:: Problem description ::
Looking at the records below, please say how many lines contain the word "Chevrolet", as a bare number.

:: Dataset ::

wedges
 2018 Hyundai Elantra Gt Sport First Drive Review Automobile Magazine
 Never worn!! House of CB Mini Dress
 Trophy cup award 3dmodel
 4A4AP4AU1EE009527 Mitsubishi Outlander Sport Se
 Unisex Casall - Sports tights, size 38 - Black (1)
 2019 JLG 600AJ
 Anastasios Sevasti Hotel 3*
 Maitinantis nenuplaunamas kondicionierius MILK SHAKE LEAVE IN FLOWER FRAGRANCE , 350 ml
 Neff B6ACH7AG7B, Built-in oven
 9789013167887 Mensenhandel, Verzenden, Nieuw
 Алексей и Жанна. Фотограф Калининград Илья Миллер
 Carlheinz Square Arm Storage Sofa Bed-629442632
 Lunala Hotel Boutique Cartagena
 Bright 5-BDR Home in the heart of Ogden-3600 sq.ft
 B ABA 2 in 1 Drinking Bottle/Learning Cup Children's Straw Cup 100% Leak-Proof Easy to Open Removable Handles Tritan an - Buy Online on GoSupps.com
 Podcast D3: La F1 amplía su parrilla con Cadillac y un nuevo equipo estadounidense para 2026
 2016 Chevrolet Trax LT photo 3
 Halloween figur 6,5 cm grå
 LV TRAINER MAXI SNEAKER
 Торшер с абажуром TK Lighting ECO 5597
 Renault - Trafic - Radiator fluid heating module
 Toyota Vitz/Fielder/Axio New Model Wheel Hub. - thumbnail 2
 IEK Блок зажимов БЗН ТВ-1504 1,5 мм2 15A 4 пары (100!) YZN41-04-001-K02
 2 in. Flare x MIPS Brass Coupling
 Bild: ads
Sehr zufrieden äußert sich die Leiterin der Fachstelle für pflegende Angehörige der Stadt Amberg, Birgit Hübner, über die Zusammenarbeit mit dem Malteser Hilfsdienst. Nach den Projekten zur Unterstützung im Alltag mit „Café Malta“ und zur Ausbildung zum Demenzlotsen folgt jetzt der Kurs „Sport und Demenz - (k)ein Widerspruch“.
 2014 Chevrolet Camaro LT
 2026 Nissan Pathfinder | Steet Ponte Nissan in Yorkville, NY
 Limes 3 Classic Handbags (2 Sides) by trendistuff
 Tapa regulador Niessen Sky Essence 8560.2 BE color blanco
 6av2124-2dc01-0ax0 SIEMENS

:: Answer for the task ::
2